_Extracted information_:
◇ ◇ ◇ ◇ ◇ ◇ ◇
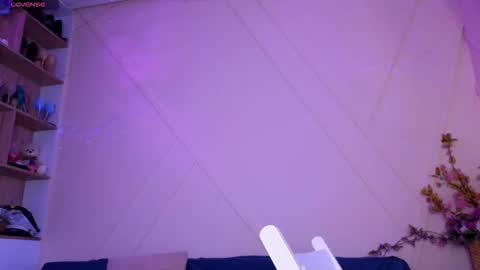 Mia online show from 10-06-25, 02:14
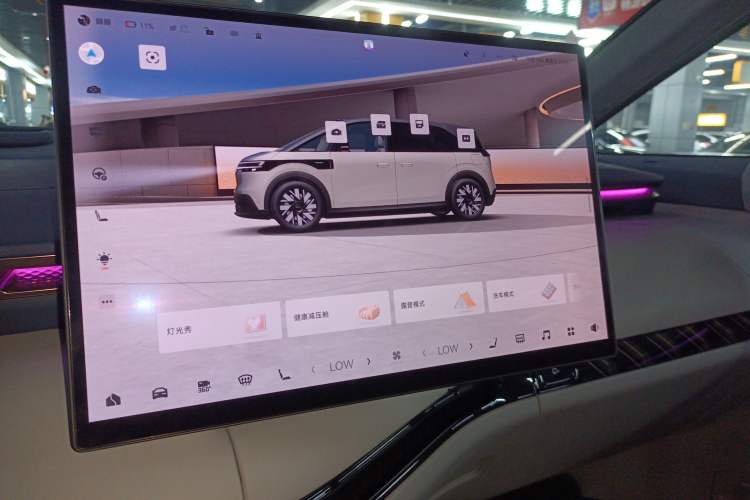 Used Zeekr MIX 2025 Long-Range Intelligent Driving Edition
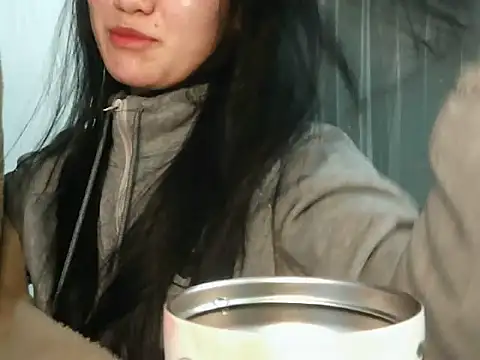 Nunaa18's cam snapshot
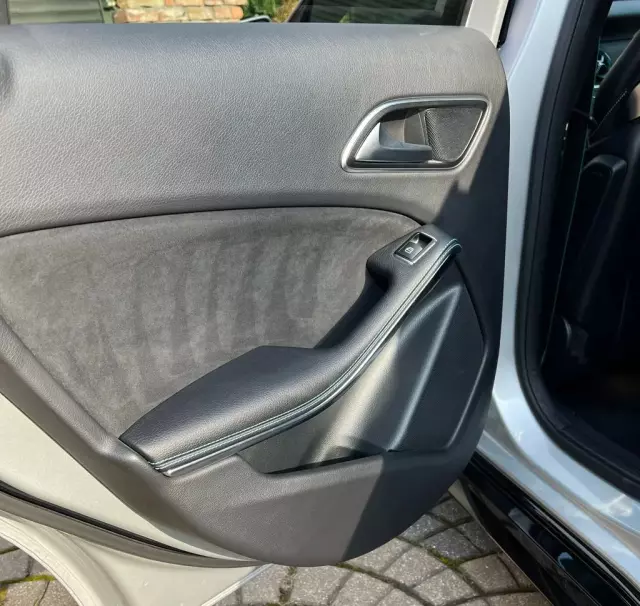 MERCEDES-BENZ Klasa A 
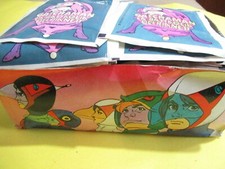 BOX # 100x BUSTINE GATCHAMAN LA BATTAGLIA DEI PIANETI FIGURINE GADGET  1976 RARO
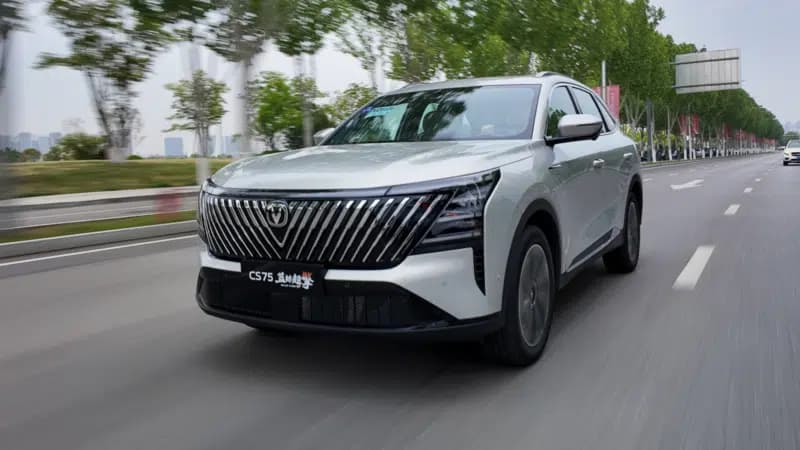 چانگان CS75 پلاس هیبرید معرفی شد / گزینه جذاب برای بازار ایران + تصاویر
◇ ◇ ◇ ◇ ◇ ◇ ◇
_The task_:
Give the entries above again word for word, without the pictures.

_Result below_:
 Mia online show from 10-06-25, 02:14
 Used Zeekr MIX 2025 Long-Range Intelligent Driving Edition
 Nunaa18's cam snapshot
 MERCEDES-BENZ Klasa A 
 BOX # 100x BUSTINE GATCHAMAN LA BATTAGLIA DEI PIANETI FIGURINE GADGET  1976 RARO
 چانگان CS75 پلاس هیبرید معرفی شد / گزینه جذاب برای بازار ایران + تصاویر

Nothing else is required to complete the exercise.